We're still making billion dollar drug development investment decisions on metrics more crude and sparse than the modulation on a throwaway dubstep bassline to advertise dimensional lumber. Yes, a big chunk of this is due to expense and feasibility while the framework above is absolutely not shovel-ready. Not only are we missing data, we're also missing tools and I look forward to driving biostatisticians mad trying to model 7-component interaction terms on a decay curve surface as soon as possible. However, high-throughput characterization costs are also rapidly falling while drug development costs reach new stratospheric heights, so I am putting this out there as a sketch for where to prioritize looking for new data and how to treat it. By characterizing ADSR perturbation envelopes in new transgenic models we can understand if a model-critical edit has shifted cell physiology in a new and important way. By taking it into preclinical studies, we can start setting up proactive longitudinal response curve characterization and begin quantifying the coupling between 2 treatment's attack curves or the baseline shift of decay curves across studies to improve data comparability across development campaigns. And by modeling pathogenic trajectories via ADSR perturbation envelopes--potentially even in nested multi-omic formats instantiated individually per cell type to calculate cross-envelope coupling terms--we can begin to work more empirically with perturbation response surfaces and manifolds. These, in turn, let us understand how the treated systems evolve over time, whether a treatment will remain durable or be subject to tachyphylaxis limitations, and even identify more incisive molecular signals to measure in clinical trials. Although this is just a rough first draft for thinking through, the ADSR envelopes are everywhere in biology and we know it. We know that there isn't a single useful model of anything in biology that sits still when you perturb it. We know it's all dynamic, all the time, with interacting perturbations working across each one of the ADSR curves above. So while there's work to do in making these quantifiable and reliable, for now they're useful coherent parameters for thinking through perturbation effects and planning high-impact studies.


  1. Yes yes yes, IC50 is not the right measurement for many biologics, cell, or gene therapies.

  2. No promises they're nicely 2D or Euclidean though.

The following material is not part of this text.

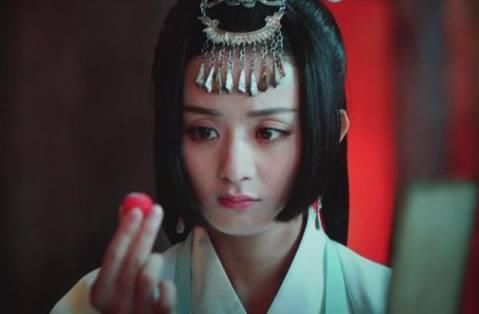 盘点古装剧中最美公主:唐嫣邪魅,郑爽冷艳,而赵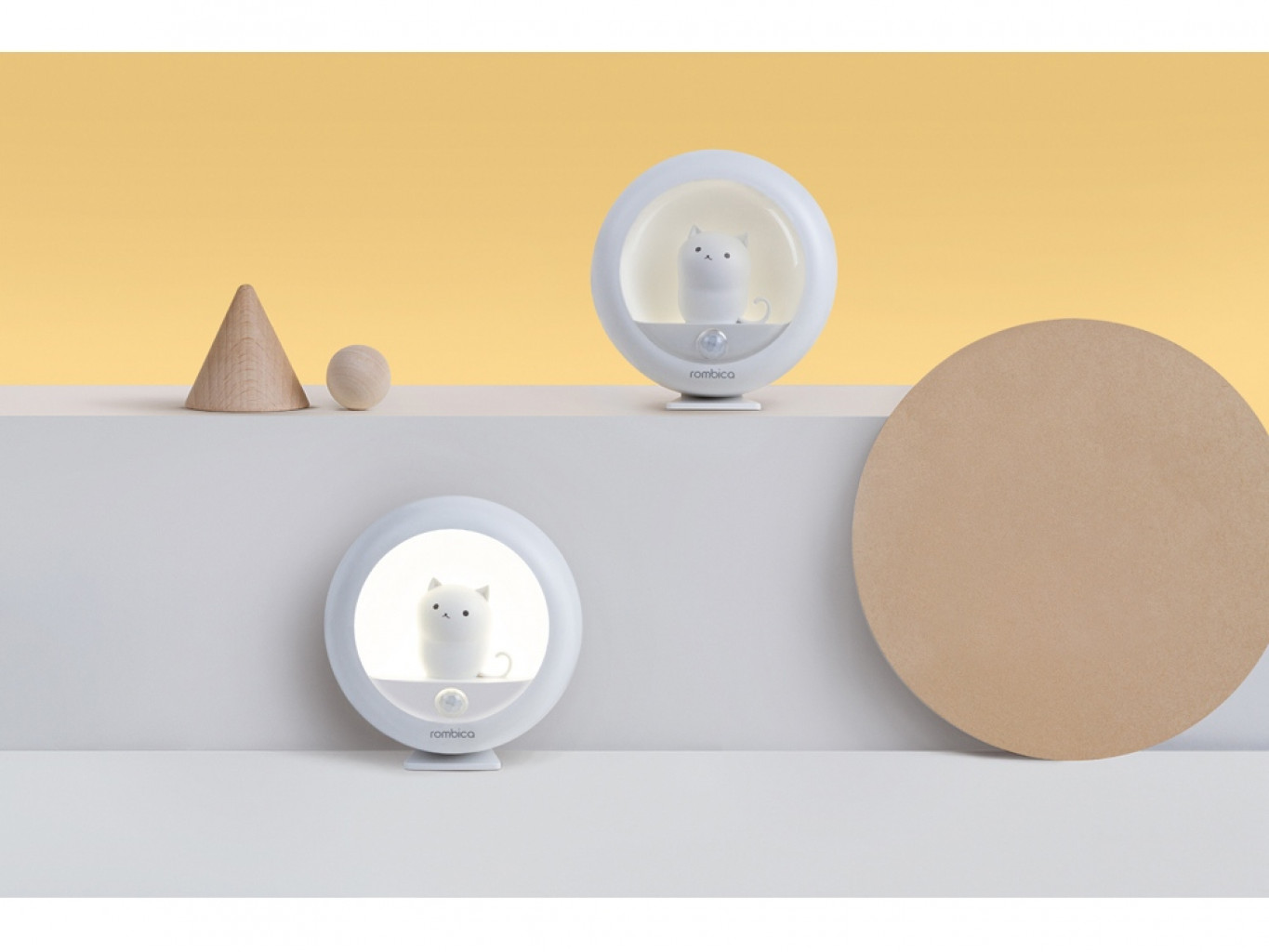 Ночник «LED Gato» Ночник «LED Gato»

  3. Perturbations: As I write this, the perturbations on my mind include pathophysiological processes, genetic manipulations, exogenous exposures, environmental insults, and model derivation. Probably not complete and likely to be some perturbation class-specific consequences that will need to be thought through.

  4. Actually a cool bit of immunology, even if grim: cytokine storm that breaks out in severe COVID or some kinds of leukemia is treated with 1-2 doses of tocilizumab, a potent IL6R inhibitor that acts like a giant steam release valve for runaway inflammation. That treatment tamps down systemic immune freakout by telling all the circulating neutrophils in the body to go take a nap in the bone marrow and they do: calm down, relocate, tell other immune cells to take a deep breath with them.

  5. I'd love to tackle methods for quantifying the coupling between perturbation and response in a large dataset of genetic KOs and multiplexed intrinsic stress response fluorescent reporters to get a handle on curve and coupling diversity, but I'm pretty sure that that dataset does not yet exist. Please hit me up if I'm wrong about that.

  6. To be fair there's basically no funding for this, not grants, VC cash, or philanthropy.

  7. Reverse translation bat signal!